Peter's strongest defense against Kevin's claim is to argue - as David did above - that the injuries arising form the telephone pole were not foreseeable and therefore the damage is too attenuated for Peter to be held liable. Here, it is less clear. The casual connection is closer than it was with David. I think that it is foreseeable that when someone is speeding they might lose control and damage would result from that loss of control. While the pole snapping was not foreseeable, the risk of some type of harm coming about was foreseeable. It is not necessary to show that a specific harm was foreseeable as it is that some harm was foreseeable. I think Peter will be liable for some measure of Kevin's damages.

Kevin v. TeleCo

Although it may not have been foreseeable for this accident to happen, I think that TeleCo is probably liable to Kevin for damages. Here, TeleCo was under a duty of reasonable care since it knew that its telephone poles would be placed along the sides of roads. It was foreseeable that a car might hit a pole with sufficient force as to knock the pole down. Since the poles are commonly placed in neighborhoods, it is reasonable to conclude that a pole might fall on someone.
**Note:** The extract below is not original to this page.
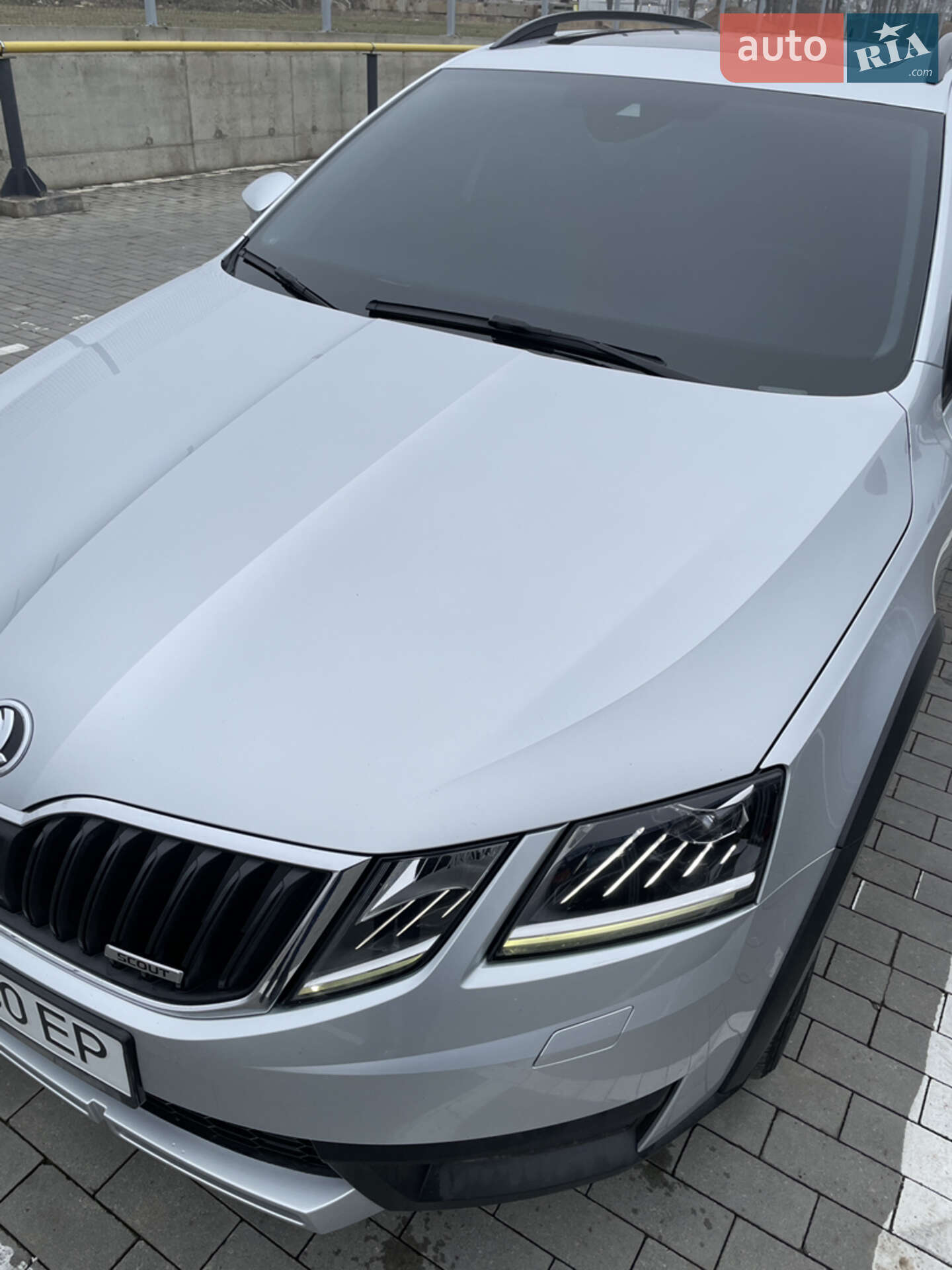 Skoda Octavia Scout 2017 VIN TMBLK7NE3J0188454 фото оголошення 16 з 92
Despite its duty to protect against potential harm, TeleCo did not do any testing to determine the danger involved in falling poles. Furthermore, it did nothing to mitigate the danger by seeking to reinforce the pole with metal strips, to sink poles deeper in the ground or buy a harder type of wood. The only factor that TeleCo thought was relevant was keeping its costs down. Consequently, I think that TeleCo's failure to seek alternatives was a breach of its duty of care.

Under a causation analysis, the breach was both a direct and proximate cause of Kevin's injuries. But-for TeleCo's breach, Kevin's injuries would not have occurred. Furthermore, it is foreseeable in a car accident where a pole falls, that an innocent bystander will get hurt. Since Kevin has shown damages, I think that TeleCo will probably be found negligent and liable for damages.